I was planning on making special cables with pull-up resistors across the Tip/Ring of a TRS plug to kill the lag when using the trigger outs on the Joyo as favorites for my Strymon pedals.

Since I’m inside and soldering anyway, any reason not to just solder the resistors directly to the jacks inside the switcher?
 
I have no idea about the resistors from a proper protocol standpoint, but I thought this thread was interesting and I enjoyed my read.
 
I have no idea about the resistors from a proper protocol standpoint, but I thought this thread was interesting and I enjoyed my read.

The requirement to reduce the switching lag when using the triggers as favorite switches for the Strymons is to tie a resistor from tip to ring on a TRS plug AT the Strymon.

It seems functionally equivalent to simply strap a resistor AT the trigger out jaclnon the switcher.

I don’t know. Can’t hurt to try!
 
I don't understand how adding a resistor will reduce lag. I would've thought it would introduce more lag.

It’s my u derstbading that with the digital switching happening between the switcher and the Strymon, that a pull up resistor is required to eliminate any switching lag.

Won’t pretend to fully understand the solution in this case.
 
@Feral Feline Thinking about the pull up resistor thing a bit more.

I think the issue is that the trigger outs of the switcher, which on the Joyo is a lot similar to even the more expensive options like Boss and GigRig, are at a different (higher) potential than the Strymon. The pull-up resistor minimizes the delta V, which is the cause of the switching lag.
 
Okay, that's starting to make more sense now. Thanks.

I'll have to read up on this stuff a bit more, and the Delta V.
 
Buffer bypass is a total success.

I was certain I messed the whole thing up at first because there was a TON of noise with the Fuzz in a loop and the buffer on but I then switched in my Paragon Mini and there was only a marginal change and mo noise.

I still need to test the digital switching lag on the triggers but the buffer bypass is good to go.

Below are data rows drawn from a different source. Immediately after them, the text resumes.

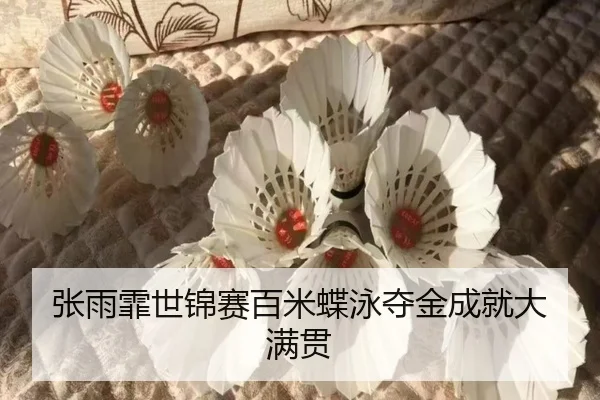 zhang-yu-fei-shi-jin-sai-bai-mi-die-yong-duo-jin-cheng-jiu-da-man-guan-2-928.jpg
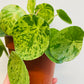 Bilde av Pilea ‘Mojito’-Spanne Plantesalg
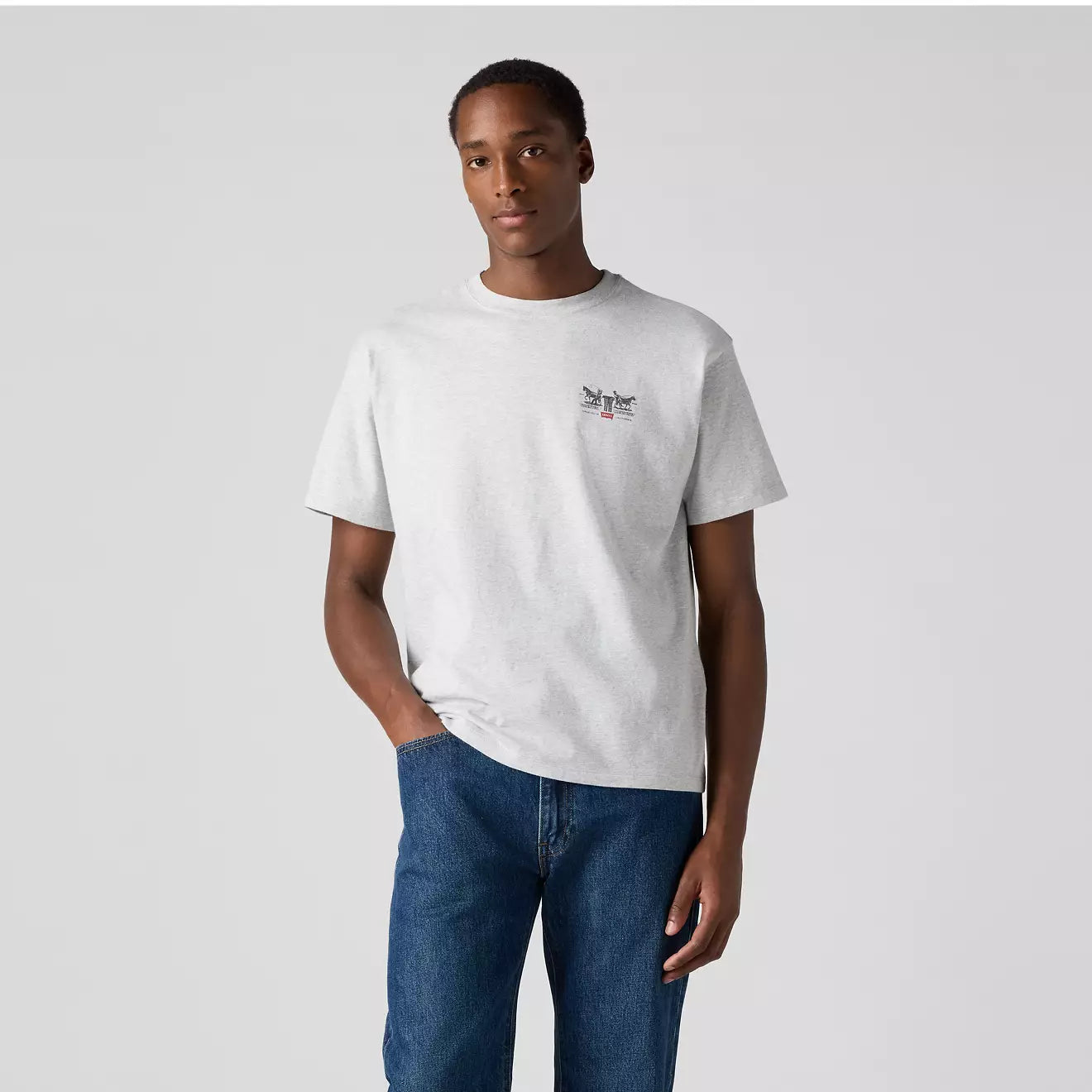 levi's® men's graphic vintage fit t-shirt 873730256M- Grey – Levi's Hong Kong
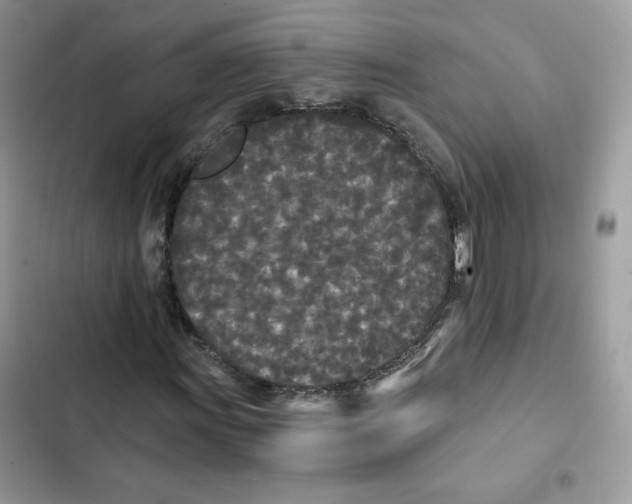 X0000101951011200808151248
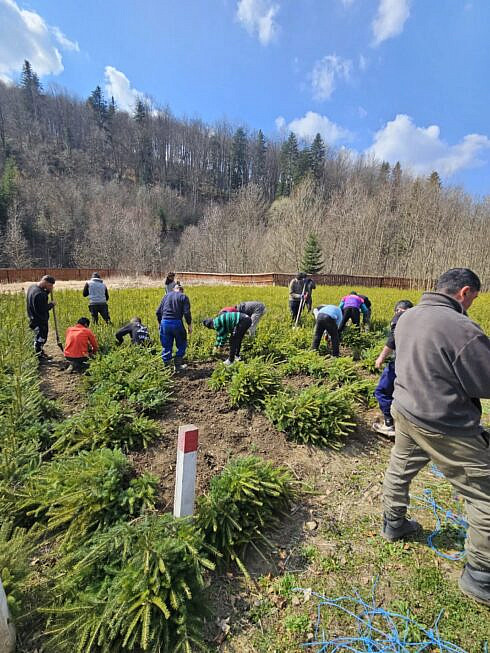 Puieti de molid din pepiniera cantonala Voievodeasa pregatiti pentru actiunile de impadurire foto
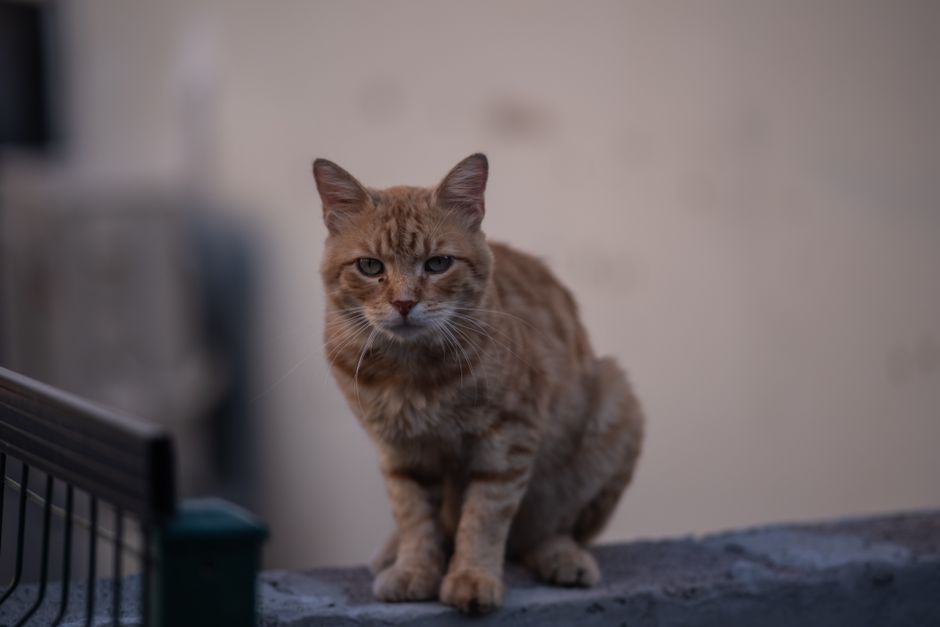 Comment voyager avec un chat en 2026 : guide complet
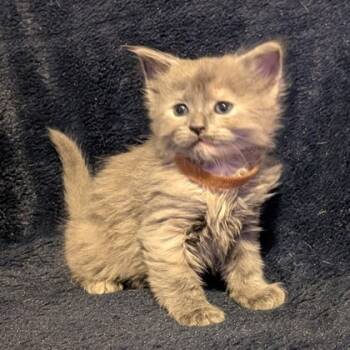 Rescue Domestic Medium Hair and Domestic Short Hair Cats for Adoption in Wilmington Island, Georgia - Slinky Cat | PetCurious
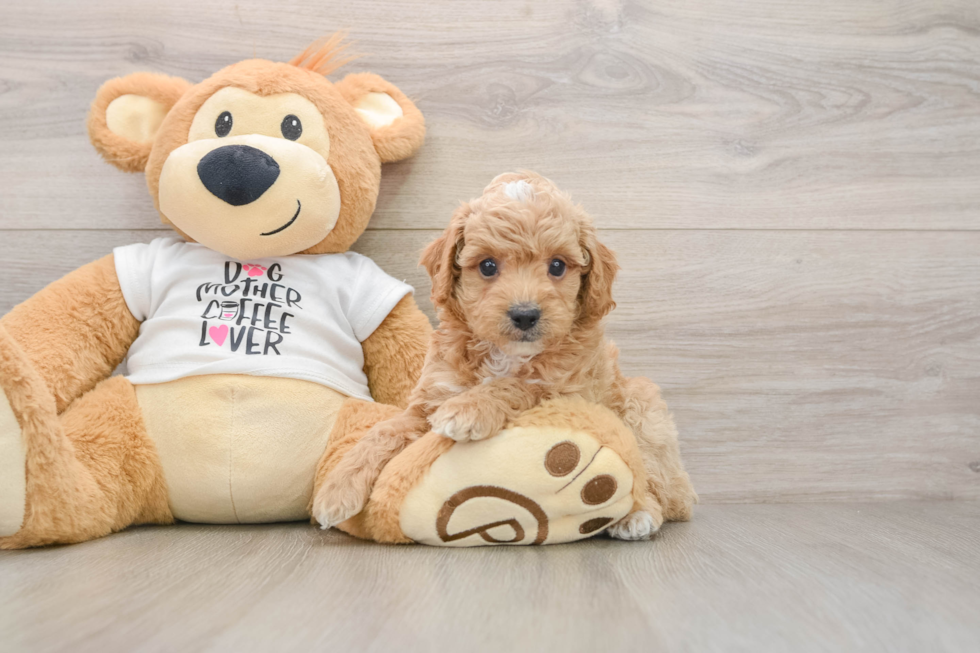 Poodle Pup Being Cute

I didn’t realize that noise was also an issue with high impedance into a Fuzz Face but now I’ve heard it for myself.
 
So after some testing, the El-Cap is still exhibiting switching lag.

The Flint is not.

So I’m fashioning a makeshift TRS cable with an additional 470k ohms to see if that improves or worsens it.

If it improves it, one of two things is occurring:

1.) The resistor needs to be at the plug going into the Strymon;

2.) 470k ohm on the jacks of the switcher was not enough.
 
So, The patch cable with the extra 470k resistor reduced the lag on the El-Cap.

This is not definitive though, as I'm unsure whether it's a combined 1M that is helping, whether the 470k on the switcher jack is even working at all, etc.

I'm going to run a quick test this week and put 10k, 100k and 1M on 3 of the jacks to test whether the hardwired resistor inside the switcher is working and what value works best.

Worst case scenario, I'll just make some cables up. I was hoping the resistors wired internally would work so I did not need anything special but I'm not too concerned if I have to.